- YOUR ASSIGNMENT:
An exact copy of all the data, minus the images, is required.

- PROVIDED DATA:
-- Opening Marker --
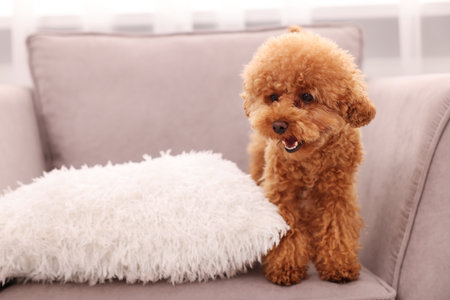 Cute Maltipoo dog with soft pillow on armchair indoors. Lovely petの写真素材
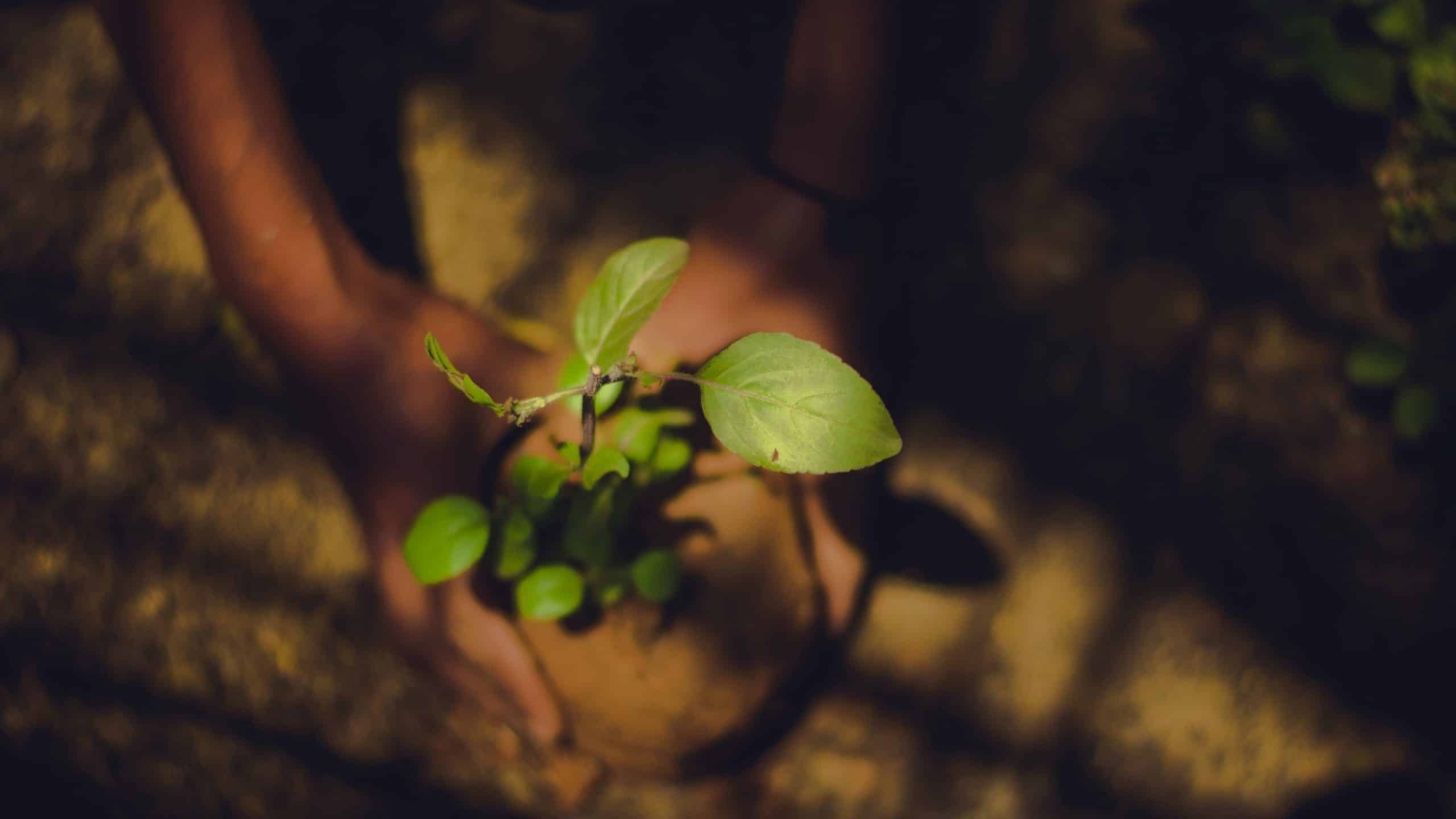 Person holding a plant-College of Natural Resources at NC State University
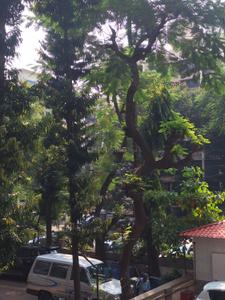 Image of 625 Sq.ft 1 BHK Apartment / Flat for sale in Vashi, Navi Mumbai for Rs. 19000000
-- Closing Marker --
- RESPONSE BOX:
 Cute Maltipoo dog with soft pillow on armchair indoors. Lovely petの写真素材
 Person holding a plant-College of Natural Resources at NC State University
 Image of 625 Sq.ft 1 BHK Apartment / Flat for sale in Vashi, Navi Mumbai for Rs. 19000000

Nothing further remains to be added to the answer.